Proprio questi legami con una problematica più complessa e più universale confermano, d'altra parte, che identificare con lo studio dell'ambizione il significato ultimo del "Macbeth" significherebbe ridurre grandemente la portata di quest'opera straordinaria. Vi sono certamente altri temi: l'amore, che è una componente spesso trascurata del dramma e che pure esiste: il rapporto tra Lady Macbeth e Macbeth è un rapporto amoroso, che può portare alla corruzione, al disgregamento anche fisico  del personaggio ma che è una delle motivazioni che spingono Lady Macbeth, la quale compie la sua azione negativa in gran parte per amore del marito.

Altro tema è la solitudine: i personaggi passano dall'appartenenza a una comunità a una condizione di totale solitudine: e si pensi a Macbeth che, nelle scene finali, è simile a una belva braccata e a Lady Macbeth nelle scene del sonnambulismo.

E, ancora, la sterilità, la paura, l'angoscia, e soprattutto il male - seguito passo passo nel suo cammino distruttivo non solo attraverso i protagonisti, colpevoli o vittime che siano, ma attraverso tutti i personaggi dell'opera. Un male studiato nella sua natura, nelle conseguenze che provoca, nelle reazioni che suscita, nei mezzi di cui si avvale per penetrare nel tessuto umano: dall'ambizione all'inganno, dall'illusione alla follia. Siamo di fronte a una rappresentazione agghiacciante, a un incubo che pervade l'intera opera, riflettendosi e riverberando in ogni suo aspetto, dalla scenografia (con quella notte il cui colore è il colore stesso del dramma) all'azione, al linguaggio.
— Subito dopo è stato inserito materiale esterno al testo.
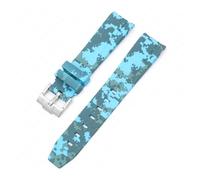 CAWEUER Correa compatible con Omega X Swatch MoonSwatch, pulsera de buceo de silicona con extremo curvo, accesorios de reloj de 20 mm, compatible con correa de camuflaje Rolex.(Mosaic light blue01)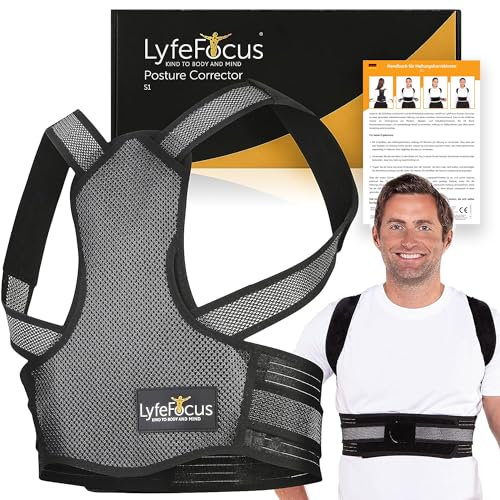 LyfeFocus S1 Atmungsaktiver Premium-Rückenstützer - Obere Rückenstütze, Rückenbandage und Rückenbegradiger - effektive Haltungskorrektur bei Nacken-, Schulter- und Rückenschmerzen (Schwarz, Mittel)
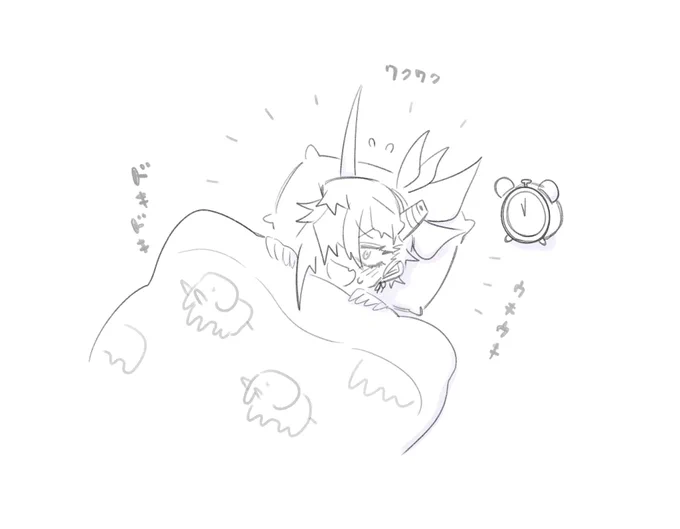 (クク…明日たのしみだな!)

(みんなよりおれだけ先に起きちゃうもんね!)

(朝からハキハキアナウンサー喋りするおれを見てびっくりするやろなぁ゛…w)

(オヤスミナサイ゛ッ……!) 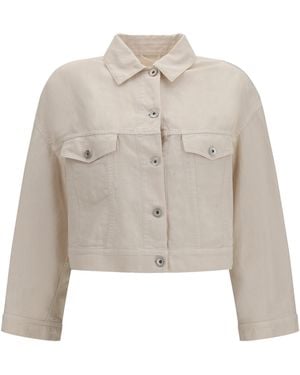 Brunello Cucinelli Cotton And Linen Jacket With Monili - White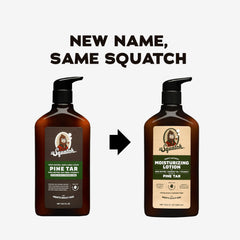 Dr. Squatch Pine Tar Lotion pump-top view for easy daily application.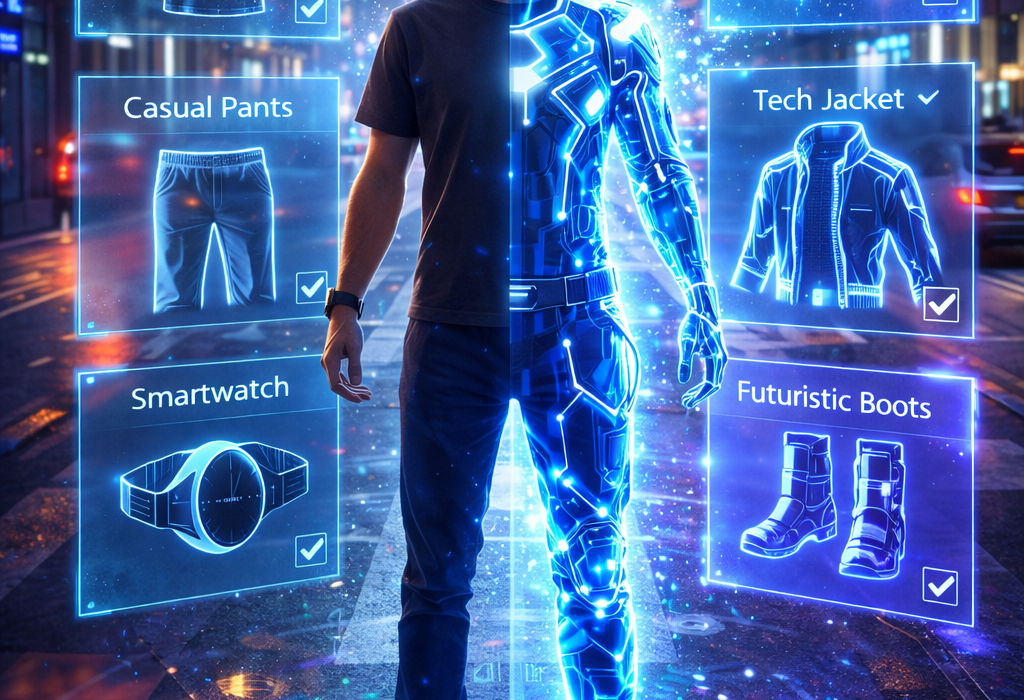 une personne debout dans une rue urbaine moderne, moitié habillée en tenue physique minimaliste, moitié en projection holographique futuriste, avec une interface digitale flottante autour d’elle montrant différentes options de wearable digitale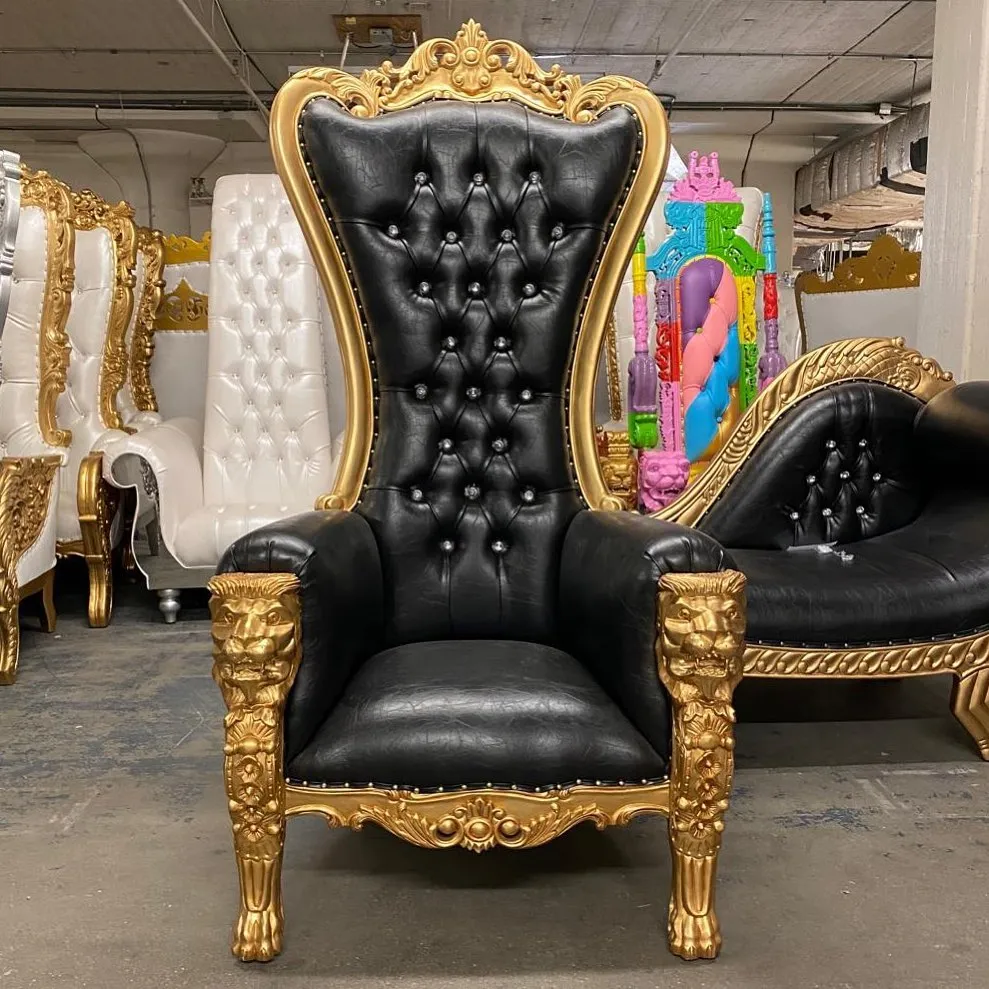 Black & Gold Throne Chair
Davvero viene data forma tangibile, nel Macbeth, al male del mondo, viene comunicato il segreto pauroso delle potenzialità negative che si annidano nella nostra anima, delle forze che, scatenandosi, possono produrre l'orrendo meccanismo, l'angosciosa prigione in cui Macbeth, come un personaggio di Poe, rinchiude se stesso. Ma proprio perché il male è indagato così capillarmente nella sua essenza e in tutti i suoi rapporti con gli altri sentimenti e le altre forze della vita, nemmeno questo tema, pur così vasto, rimane fino a se stesso ma inevitabilmente l'analisi e la rappresentazione del male diventano tout court analisi e rappresentazione dela vita vista come continuo conflitto, come grande palcoscenico in cui si scontrano le forze che vivono nella condizione umana. Uno dei principi strutturali su cui quest'opera poggia è quello della conflittualità, della contrapposizione. E ciò a tutti i livelli: da quello dell'azione a quello dei personaggi, da quello della scenografia a quello del linguaggio. Tutti i temi contengono il loro opposto: la vita non è mai vista univocamente ma sempre in modo conflittuale, magari contraddittorio, come perenne ambiguità e contrasto. Macbeth e Lady Macbeth non sono incarnazioni statiche e assolute del male ma esseri dotati di una loro grandezza umana, di virtù che rendono la loro caduta tanto più grave e memorabile. All'inzio dell'opera Macbeth è presentato soprattutto come un guerriero valoroso, un suddito fedele, un uomo altrettanto ricco di potenzialità positive quanto di inclinazioni negative: e di fatto la vittoria del male su di lui avviene faticosamente, con grande travaglio, con grande sofferenza.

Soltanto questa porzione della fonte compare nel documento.